賢さん通信87号
悔いのない人生を。夢を叶えた倫太郎さんの姿
こんにちは!株式会社琉球補聴器、代表取締役の森山賢(けん)です。賢さん通信第87号をお送りいたします。どうぞよろしくお願いいたします。
さて、今回は私の大切な友人の一人、RBC琉球放送の看板アナウンサー、狩俣倫太郎さんとのとあるエピソードをご紹介いたします。
まず、先日2月4日(水)の夜8時から放送されたテレビ番組『オトナの沖縄 裏路地巡り』をご覧になられた方はいらっしゃいますでしょうか?倫太郎さんがどうしても一度会いたかったという、三田佳子さんを那覇の裏路地スポットに案内し、伝統を体感してもらう倫太郎さんのテレビ復帰番組です。
実はこの番組、琉球補聴器もスポンサーをしていました。私たちは10年ほど前からラジオのスポンサーをさせていただいていますが、テレビとなると費用は高額で、桁が違います。中小企業の私たちがテレビのスポンサーをすることは、まずありません。ただ、今回、引き受けたのには大きな理由がありました。
それは、ここ数年の倫太郎さんの姿でした。昨年末12月28日に倫太郎さんから直接ご連絡をいただきました。「一度時間を取って会ってもらえませんか?」と。わざわざ琉球補聴器の本社まで来てくださることになり、お会いしました。
そこで、倫太郎さんから、ぜひこの番組のスポンサーにとご依頼があったのです。金額も一応検討できる範囲でした。私はその場で、倫太郎さんのこのご依頼を絶対に断りたくない、倫太郎さんの想いにどうしても応えたい、この数年間の尋常ではない努力に報いたい、全力で応援したいと思い、その場で決断をしました。

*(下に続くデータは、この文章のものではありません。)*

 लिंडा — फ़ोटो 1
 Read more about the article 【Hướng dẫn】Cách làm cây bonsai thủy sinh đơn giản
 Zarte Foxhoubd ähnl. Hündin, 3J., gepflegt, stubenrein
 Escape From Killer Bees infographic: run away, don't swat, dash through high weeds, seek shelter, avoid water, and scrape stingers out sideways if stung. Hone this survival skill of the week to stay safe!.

倫太郎さんに最近何があったのか、もうご存知の方も多いかと思います。2023年9月、倫太郎さんは脳梗塞で倒れ、右半身麻痺とアナウンサーの命である「言葉」を失う失語症になってしまったのです。
当時、ラジオに倫太郎さんが突然来られなくなり、スポンサーである我々にも情報は伝わってこず、どうもご病気で療養中ということだけがわかりました。
そして、私が大きなショックを受けたのが約1年後、2024年の秋でした。とある披露宴会場でご一緒した際、挨拶に立ったのが倫太郎さんでした。久しぶりにお会いした倫太郎さんは、何度も言葉に詰まり、小学生が読める字も読めなくなってしまっていたのです。隣にサポートの方がいて、なんとか挨拶を終えましたが、私は本当にショックでした。こんなに重篤な状態だったとは、全く知らなかったからです。

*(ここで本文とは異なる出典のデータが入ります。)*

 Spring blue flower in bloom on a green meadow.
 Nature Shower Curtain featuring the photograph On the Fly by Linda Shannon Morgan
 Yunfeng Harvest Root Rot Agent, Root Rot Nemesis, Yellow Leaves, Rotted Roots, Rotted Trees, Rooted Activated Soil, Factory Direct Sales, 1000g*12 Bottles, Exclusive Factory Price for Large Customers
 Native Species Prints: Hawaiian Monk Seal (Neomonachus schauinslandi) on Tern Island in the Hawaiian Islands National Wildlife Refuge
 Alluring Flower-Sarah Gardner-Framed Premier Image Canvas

ただ、その後、倫太郎さんは懸命にリハビリをされ、2025年11月の講演会では、1年前の披露宴の姿が嘘かのように回復されていました。講演では脳梗塞のこと、壮絶なリハビリについて隠さず全てを伝えてくれました。私は倫太郎さんを応援することしかできないけど、全力で応援したい!という気持ちになっていました。
そして2025年12月28日、本社で倫太郎さんとお会いしました。実は彼が昔から憧れていたのが三田佳子さんで、いつかお仕事でご一緒できたらという夢を持っていたそうです。今回、脳梗塞になったことで、人生いつ何があるかわからない、悔いのない人生を送らなきゃダメだと思い、ダメ元で三田さんにオファーをしたところ快諾してくださり、夢が実現し、素晴らしい番組が出来上がったとのことでした。
琉球補聴器としては、これからも、狩俣倫太郎さんを全力で応援していきます。
賢さんおすすめの一冊
『売りたければ「買ってください」は言うな ~創業者が息子社長に伝えた27のこと~』 森山勝也 著 あさ出版
2年前に1度ご紹介させていただきましたが、琉球補聴器の創業者であり、私の父、森山勝也の一冊。今、改めて全社員で読み直しをしています。事業承継で悩んでいる創業者と同じく悩んでいる後継者の方に特におすすめです!